第九章☆2050年
2050年。
技術が更に進化して、身体のどこかが欠損した場合、機械の代用で補い、平均寿命がのびていた。少子化は拍車がかかり、障害児や虚弱児の率があがる。
「こんな世界で、本当に幸せなのかなぁ」
翼はぼやく。
変異したウイルスとのいたちごっこ。

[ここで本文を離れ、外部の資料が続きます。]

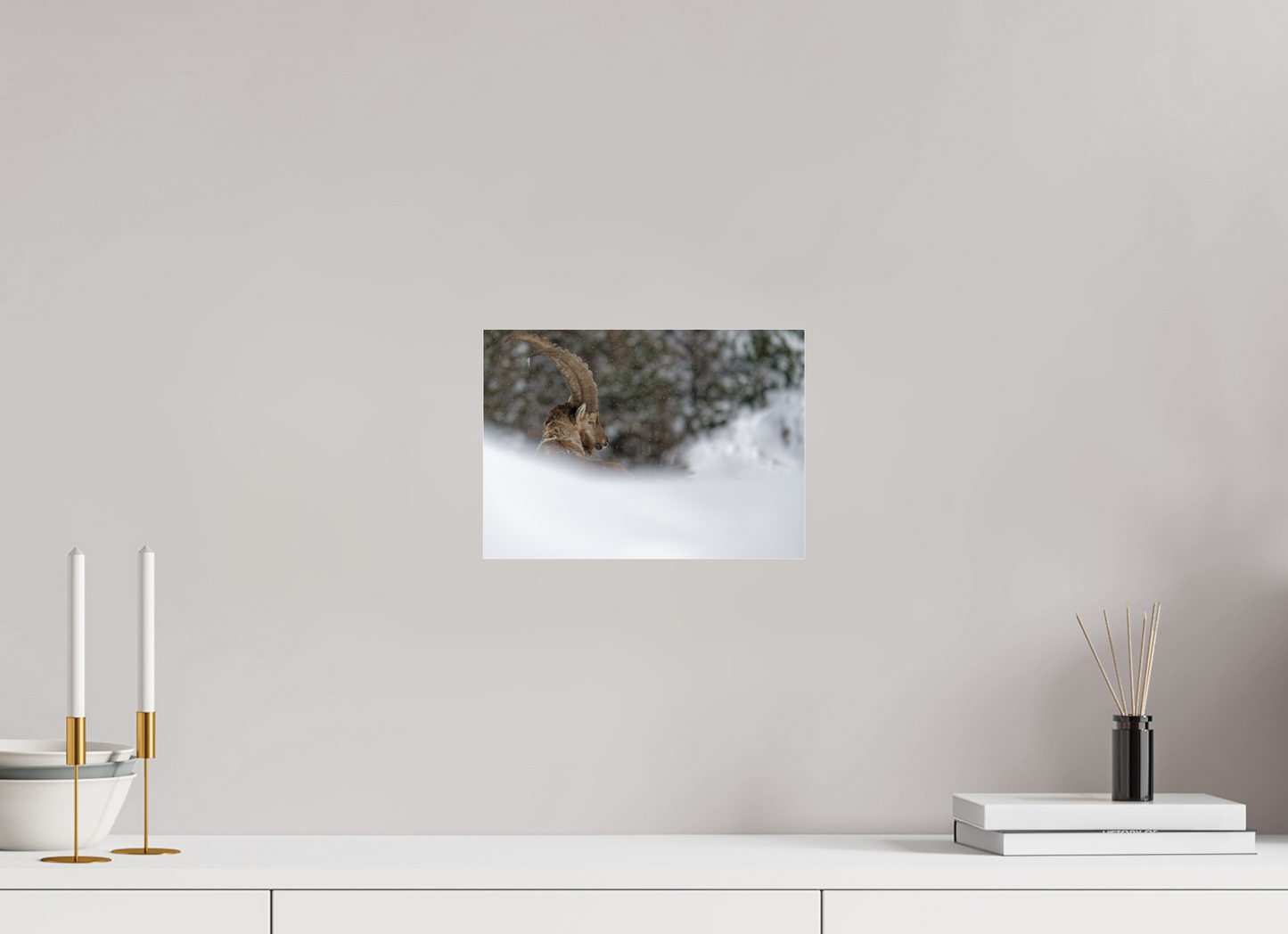 Bouquetin / Ibex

自然災害が世界規模で頻発。
1980年の翼からしたら目を背けたい現実だった。
「ほら、任務!」
茜が翼をたきつけた。
「あの、あなた、見えてますよね?」
声をかけると、くだんの男はきっ、と睨みつけてきた。
「復讐するのは止めにして、新しい人生を歩みませんか?」
「俺にはもう、何もないんだ!見えていることが行政にバレたら援助が受けられなくなる!その前に奴らに仕返ししてやるんだ!」
プシュ。
男の首筋に針のついた薬剤を押し付ける。
男はくにゃりとその場に倒れ込んだ。
「ハチ。新しい飼い主と幸せにね」
茜がハチを人目につく場所においてきた。
自動で変形する簡易ストレッチャーに男を乗せると、翼と茜は男を連れて本部へ戻った。
「初めてにしちゃ、上出来」
先輩たちがそう言って出迎えた。
「あの男の人どうするの?」
茜が不安そうに聞いた。
「精神医学の権威がこんがらがった思考をほぐして、最善のものにする」
「要するに洗脳するんですね?」
翼が言うと、先輩たちは不本意そうな表情で曖昧にうなづいた。